### Given records
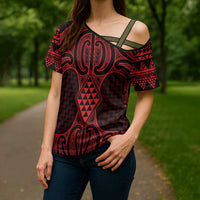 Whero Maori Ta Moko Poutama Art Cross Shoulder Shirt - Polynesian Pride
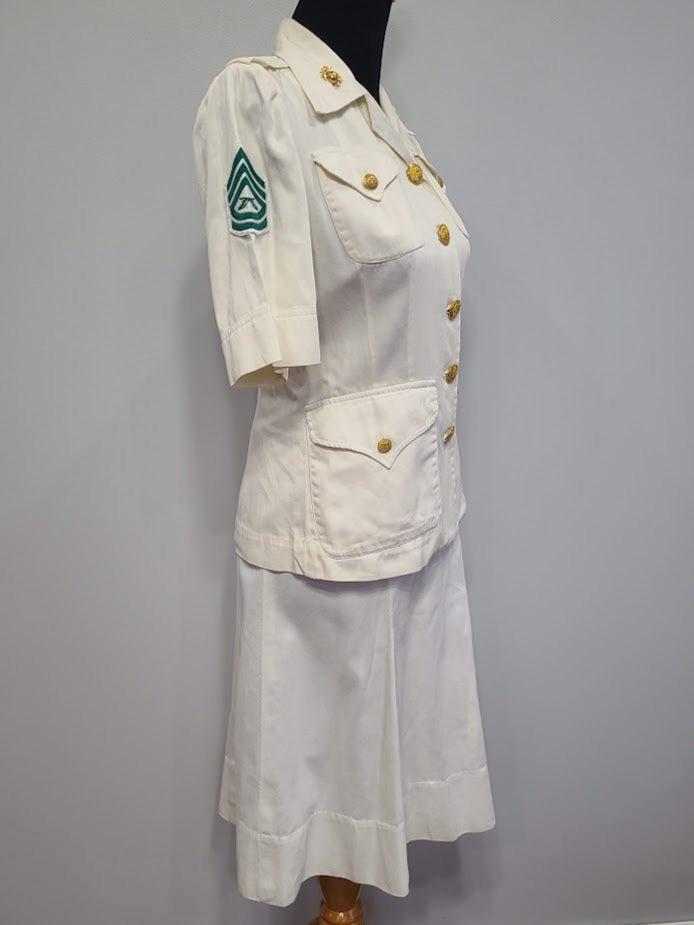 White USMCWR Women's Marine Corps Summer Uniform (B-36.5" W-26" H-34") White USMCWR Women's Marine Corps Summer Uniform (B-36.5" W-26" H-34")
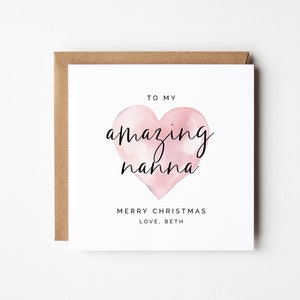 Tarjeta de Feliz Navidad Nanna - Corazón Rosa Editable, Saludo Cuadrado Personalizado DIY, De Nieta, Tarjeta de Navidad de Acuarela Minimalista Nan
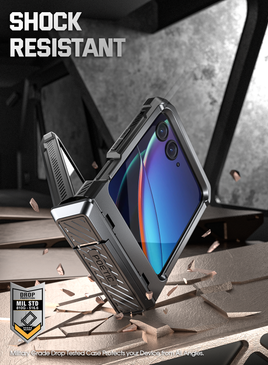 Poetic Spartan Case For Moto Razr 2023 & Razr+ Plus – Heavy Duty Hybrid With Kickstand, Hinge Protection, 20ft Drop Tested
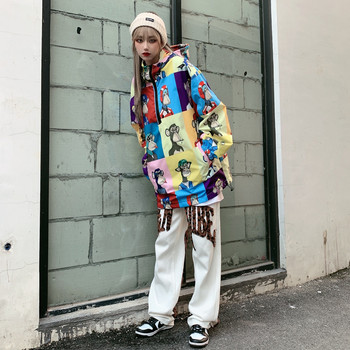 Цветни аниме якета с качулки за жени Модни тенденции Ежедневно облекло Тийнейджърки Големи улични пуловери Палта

...

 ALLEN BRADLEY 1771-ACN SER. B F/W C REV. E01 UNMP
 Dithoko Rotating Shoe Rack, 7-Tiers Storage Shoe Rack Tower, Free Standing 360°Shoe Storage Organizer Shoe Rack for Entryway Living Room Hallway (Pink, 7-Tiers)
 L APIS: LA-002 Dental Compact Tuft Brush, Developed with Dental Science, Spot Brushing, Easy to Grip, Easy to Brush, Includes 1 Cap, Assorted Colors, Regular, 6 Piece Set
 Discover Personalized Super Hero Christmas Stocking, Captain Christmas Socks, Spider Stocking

### Exercise prompt
Reproduce the listing above exactly from the line containing "Whero Maori Ta" up to and including the line containing "Цветни аниме якета", omitting any images and everything outside those lines.

### Answer to the exercise
 Whero Maori Ta Moko Poutama Art Cross Shoulder Shirt - Polynesian Pride
 White USMCWR Women's Marine Corps Summer Uniform (B-36.5" W-26" H-34") White USMCWR Women's Marine Corps Summer Uniform (B-36.5" W-26" H-34")
 Tarjeta de Feliz Navidad Nanna - Corazón Rosa Editable, Saludo Cuadrado Personalizado DIY, De Nieta, Tarjeta de Navidad de Acuarela Minimalista Nan
 Poetic Spartan Case For Moto Razr 2023 & Razr+ Plus – Heavy Duty Hybrid With Kickstand, Hinge Protection, 20ft Drop Tested
 Цветни аниме якета с качулки за жени Модни тенденции Ежедневно облекло Тийнейджърки Големи улични пуловери Палта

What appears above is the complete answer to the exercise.